*** SOURCE RECORDS ***

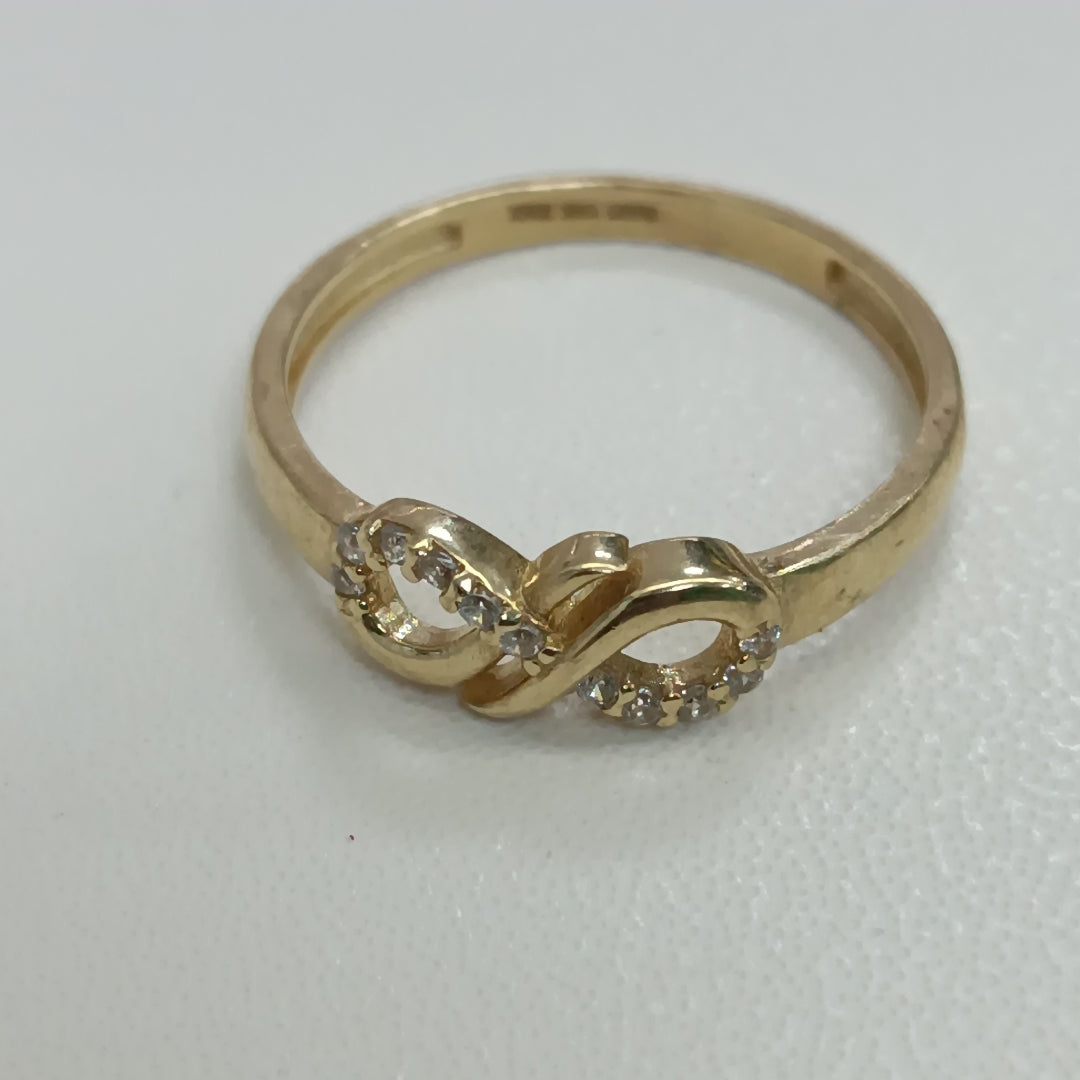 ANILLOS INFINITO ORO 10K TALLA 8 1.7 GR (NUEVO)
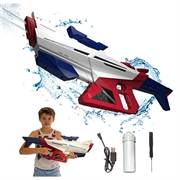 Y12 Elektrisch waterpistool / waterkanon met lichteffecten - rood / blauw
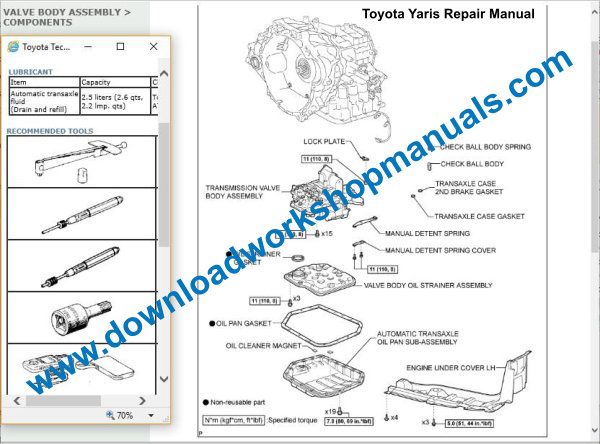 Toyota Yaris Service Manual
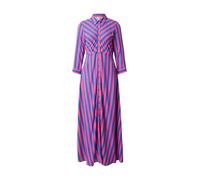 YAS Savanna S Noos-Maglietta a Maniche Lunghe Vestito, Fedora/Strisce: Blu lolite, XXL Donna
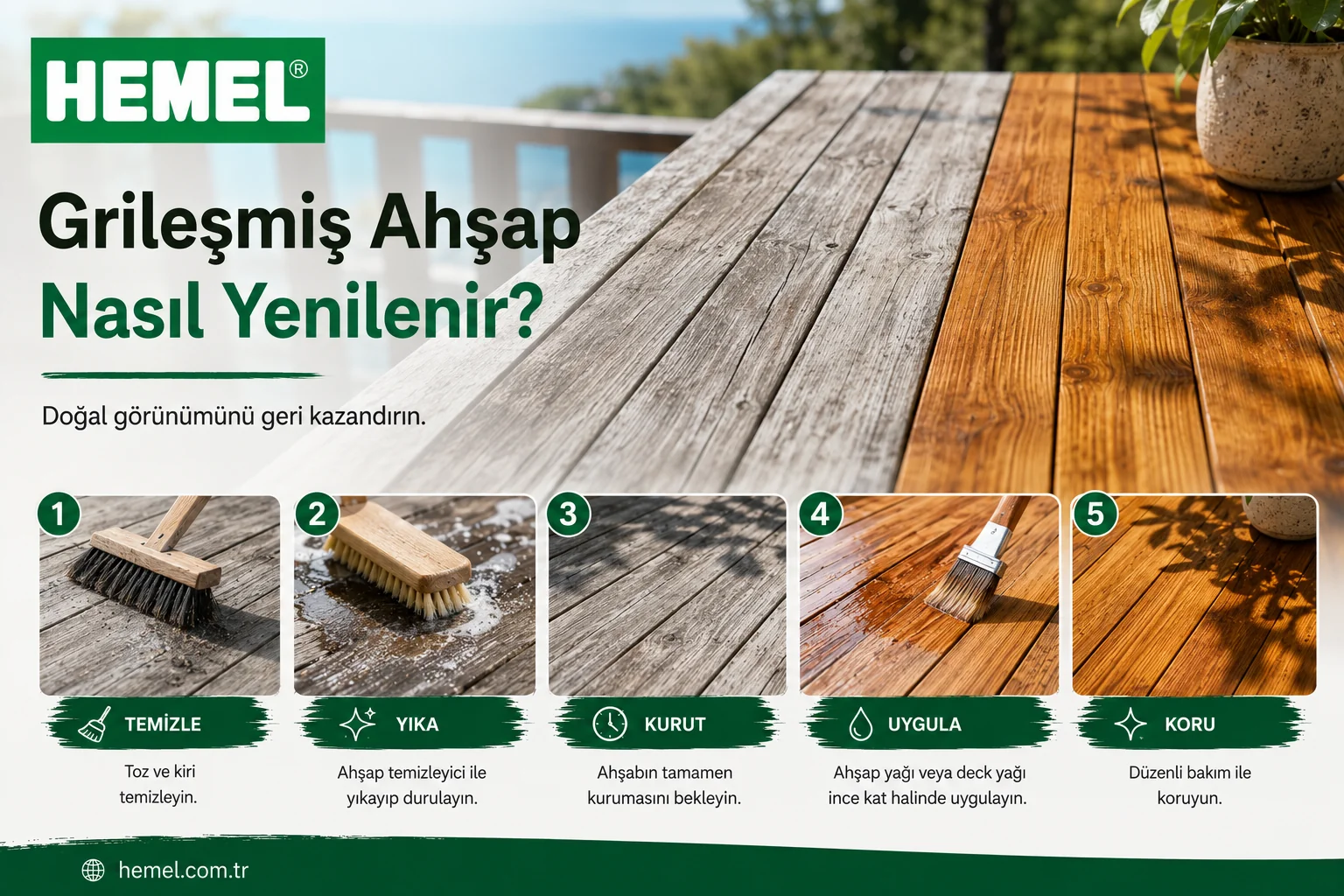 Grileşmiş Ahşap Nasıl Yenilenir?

*** End of SOURCE RECORDS ***

### WORK REQUIRED
Copy exactly the lines that run from the one containing "YAS Savanna S" to the last line of the records, both included, and leave out every picture.

### REPLY
 YAS Savanna S Noos-Maglietta a Maniche Lunghe Vestito, Fedora/Strisce: Blu lolite, XXL Donna
 Grileşmiş Ahşap Nasıl Yenilenir?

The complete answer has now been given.